Note that its not always completely straight forward. Zero-sized types exist, which have NO data associated with them, as well as dynamically-sized types, whose size is not known at compile time (think slices!).

You can, in a struct, have a DST as the last field, but not any other field, as that then affects the offsets of the type. Enum fields cant be DSTs at all!

struct Evil_Struct {
    DST: [u8],
    random_var: u64,
}

error[E0277]: the size for values of type `[u8]` cannot be known at compilation time
 --> src/main.rs:3:7
  |
3 |     DST: [u8],
  |          ^^^^ doesn't have a size known at compile-time
  |
  = help: the trait `Sized` is not implemented for `[u8]`
  = note: only the last field of a struct may have a dynamically sized type
  = help: change the field's type to have a statically known size
help: borrowed types always have a statically known size
  |
3 |     DST: &[u8],
  |          +
help: the `Box` type always has a statically known size and allocates its contents in the heap
  |
3 |     DST: Box<[u8]>,
  |          ++++    +

For more information about this error, try `rustc --explain E0277`.
warning: `ex` (bin "ex") generated 1 warning
error: could not compile `ex` due to previous error; 1 warning emitted

Alignment - Each variable is stored at an address, in memory, somewhere. But its a naive idea to think at a variable can be placed anywhere in memory.

Types have an ‘alignment’ associated with them, which means they can only be stored at addresses that are a multiple of that alignment. A given alignment must be at least 1, and a power of 2.

A u64 has an 8-byte alignment.

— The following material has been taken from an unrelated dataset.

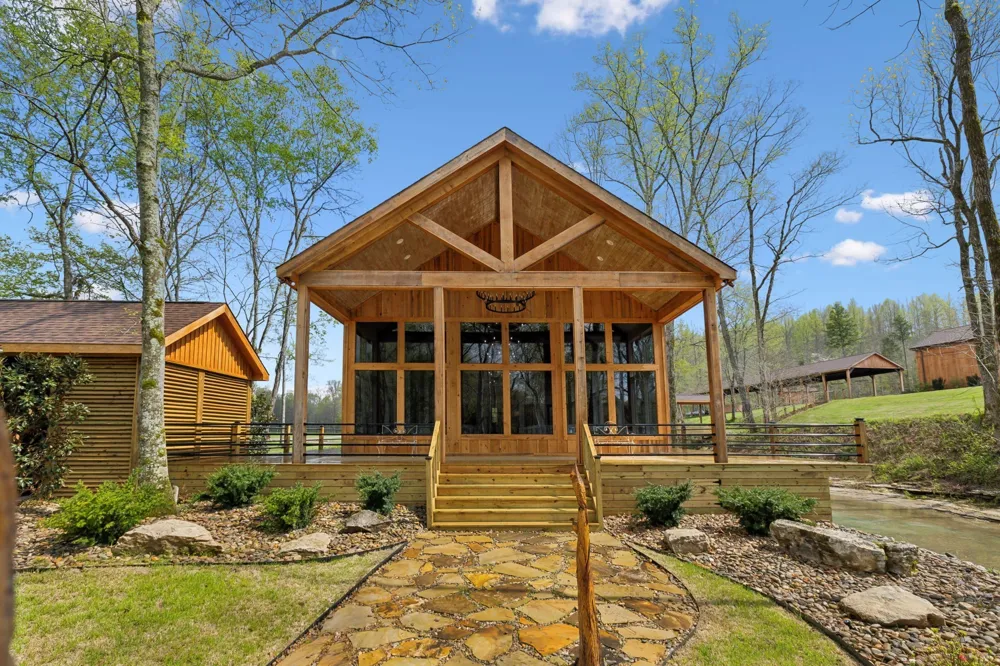 3105 Coy Hill Rd Olivehill, TN 38475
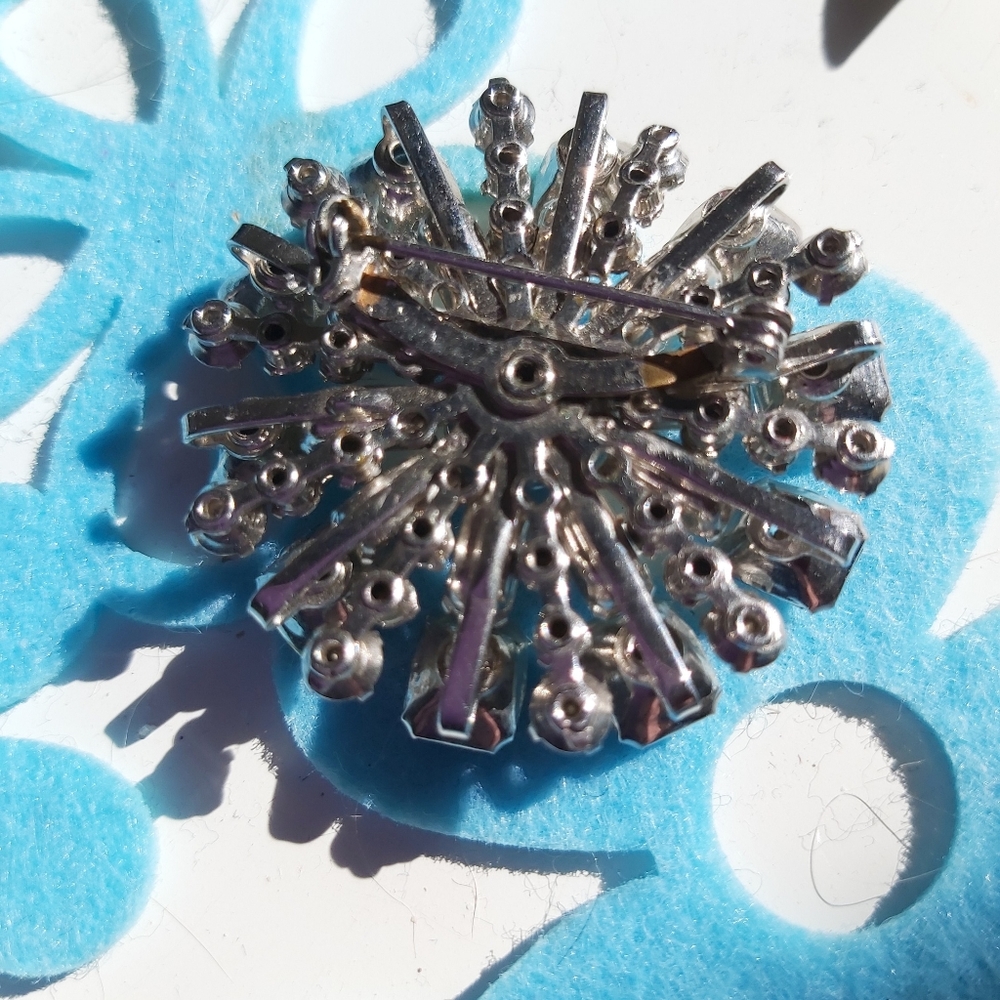 Brooch - Picture 4 of 4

That means it can be stored at 0x0 (as an example, don’t go grabbing your pitchforks) , but not 0x1, 0x2, 0x3, 0x4, 0x5, 0x6, or 0x7 (as these addresses are clearly not multiples of 8).

If you run the below program several times, the address printed should always be a multiple of 8. (The bottom 3 nibbles don’t change for me - which is expected due to out-of-scope stuff. But just in general - trust me that all u64’s will be located at addresses aligned to 8-bytes)

fn main() {
    println!("Addr of a u64 is {:p}", &0u64);
}

You might be wondering - what the hell? Surely it’s more efficient for your memory footprint to just stores all types wherever they can fit, and ignore alignment.

That’s a fair assumption, but unfortunately hardware gets in the way. Because of how accessing memory works on a hardware level, with your cpu/cache/data bus and so on, it’s faster to access data in an aligned manner.

Think of it like if you can only read memory in 8-byte blocks (0-7, 8-15, 16-23, …). If you reading a u64 and aligned to a block you’re done in one read. If not - you need to read two adjacent blocks.

The reality, of course, is even messier, and varies between architectures. But hopefully this illuminated why alignment exists.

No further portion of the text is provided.